Son of God: the Constraint of Monotheism
July 7, 2026One LORD God and His Messiah, lord Jesus
The word “Lord” must be carefully distinguished when used of God and of His Son, because the Bible presents us with two Lords: the LORD God, Yahweh, and His appointed lord, the Messiah Jesus. This distinction begins with Psalm 110:1, the Old Testament verse most often cited or alluded to by New Testament writers.
Here, Yahweh God commands David’s lord, the Messiah, to sit at His right hand. The Messiah is not Yahweh Himself, but the one exalted by Yahweh. This is exactly how Jesus and his Apostles understood Psalm 110:1.
Jesus used it to show that the Messiah is David’s superior lord, yet still distinct from Yahweh (Matt. 22:41-46).
Peter then applies it directly to Jesus at Pentecost, declaring: “God has made this Jesus both Lord and Christ” (Acts 2:36).
That statement is crucial showing that God made Jesus both lord and Messiah. Jesus’ lordship is given, appointed by God. Hence, the title “lord” is used of Jesus hundreds of times in the NT.
For example, Luke 2:26 says that it had been revealed to Simeon through the holy spirit that he would not die before he had seen “the Lord’s Messiah.” That is, Jesus is the Messiah of the Lord God, not the Lord God Himself. This also explains why Peter later commands believers in 1 Peter 3:15 to honor Christ as lord in their hearts. The Messiah is to be honored as God’s exalted lord, the one seated at God’s right hand.
This is also crucial background for Paul’s repeated use of Old Testament Yahweh texts in relation to Jesus. Around 20 times in his letters, Paul applies Yahweh-language to the exalted Messiah — not because Jesus is Yahweh, but because Jesus is Yahweh’s supreme agent, royal representative, and appointed lord. For example, Paul refers to believers as those who “call on the name of our lord Jesus Christ” (1 Cor. 1:2), echoing the well-known Old Testament phrase:
“And it will be that everyone who calls on the name of Yahweh Will be delivered” (Joel 2:32).
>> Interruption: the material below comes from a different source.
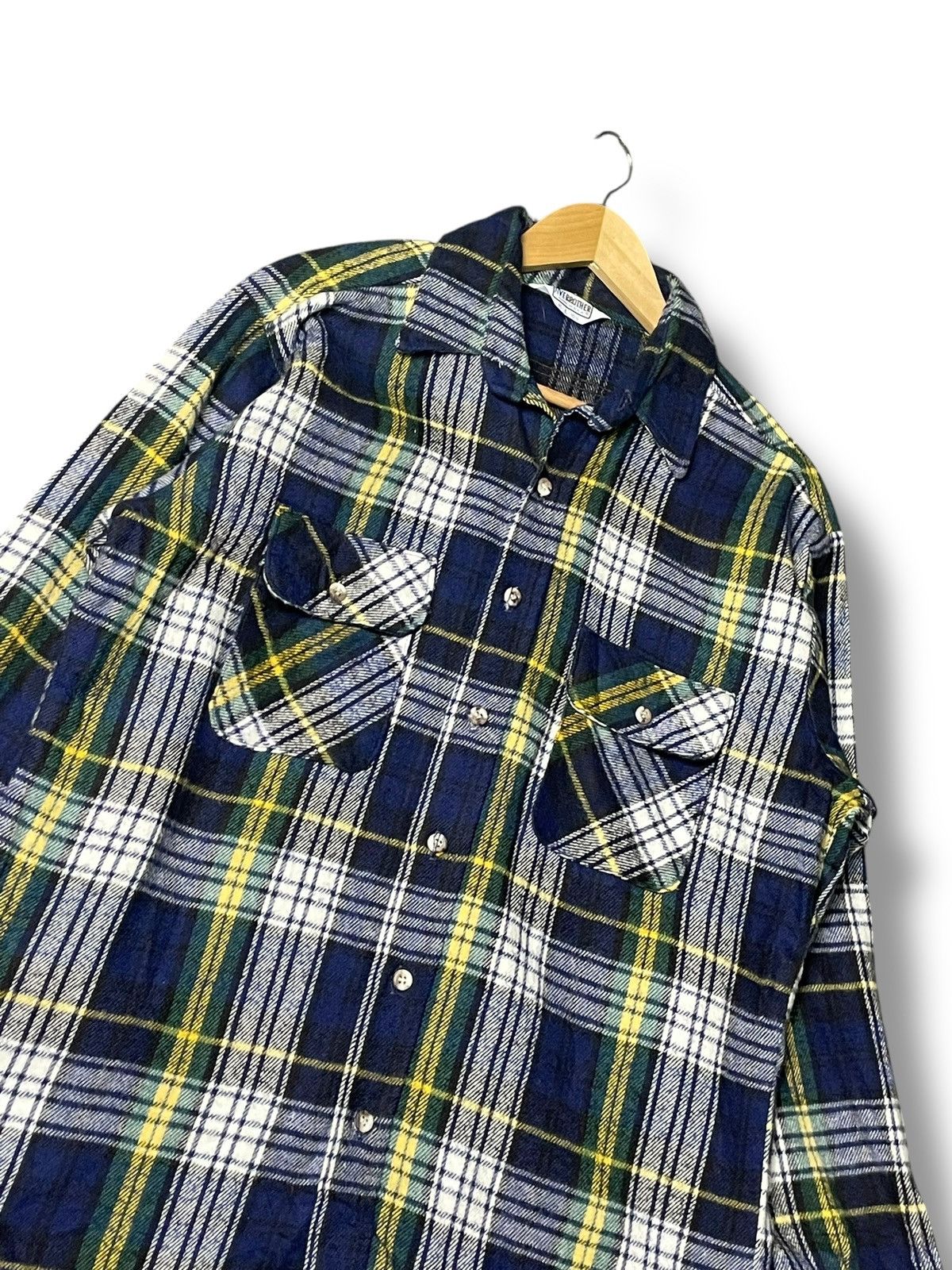 FiveBrother × Vintage Five Brother Brand Wool Flannel Button Up (58) Size US L / EU 52-54 / 3 - 4 Thumbnail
Paul does something similar in Romans 10:9-13. He tells believers to confess Jesus as lord, while still maintaining that God raised him from the dead. The distinction remains clear: God raises and appoints; Jesus is raised and appointed.
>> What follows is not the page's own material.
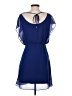 The Limited 100% Polyester Solid Blue Cocktail Dress Size XS - photo 2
The same pattern appears in Philippians 2:9-11. God highly exalts Jesus and gives him the name above every name, so that every knee will bow and every tongue confess that Jesus Messiah is lord — “to the glory of God the Father.” The exaltation of Jesus does not replace the one God; it glorifies Him.
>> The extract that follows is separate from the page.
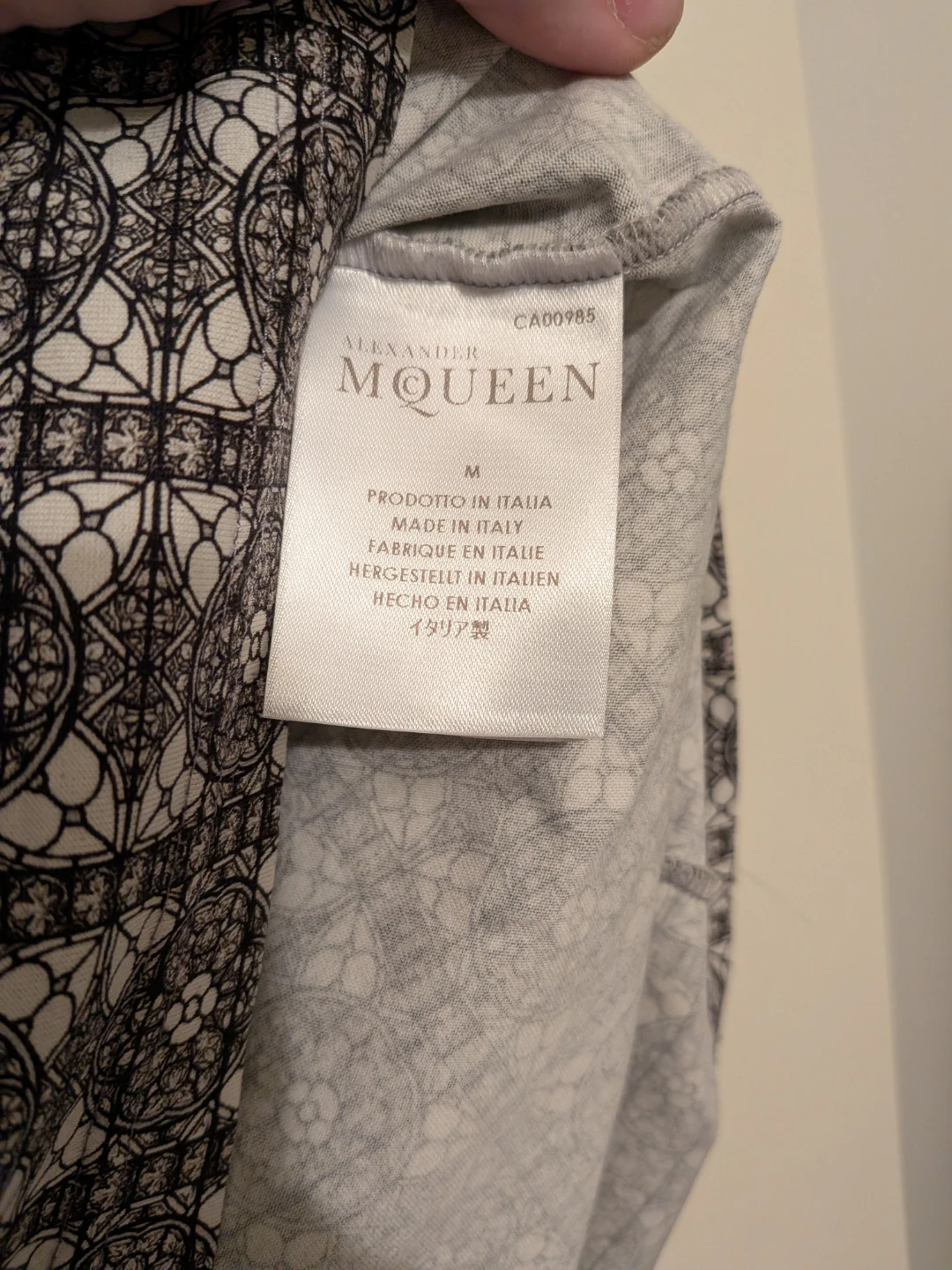 Alexander McQueen Skull Print T-Shirt - photo 2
For Paul, therefore, “the great day of Yahweh” (Zeph. 1:14) is now also described in Messianic terms as “the day of Christ” (Phil. 1:6, 10; 2:16), or “the day of our lord Jesus Christ” (1 Cor. 1:8; cp. 2 Cor. 1:14). This is because Yahweh will judge and rule the world through the man He has appointed, the lord Messiah Jesus (Acts 17:31).
Paul summarizes the whole matter beautifully:
“For us there is one God, the Father… and one lord, Jesus Messiah” (1 Cor. 8:6).
So the Bible’s language of “Lord” must not be flattened into Trinitarian confusion. There is one LORD God, Yahweh, the Father, and there is one lord Messiah, Jesus, whom Yahweh has raised, exalted, and appointed to rule at His right hand until the Kingdom is fully established on a restored earth.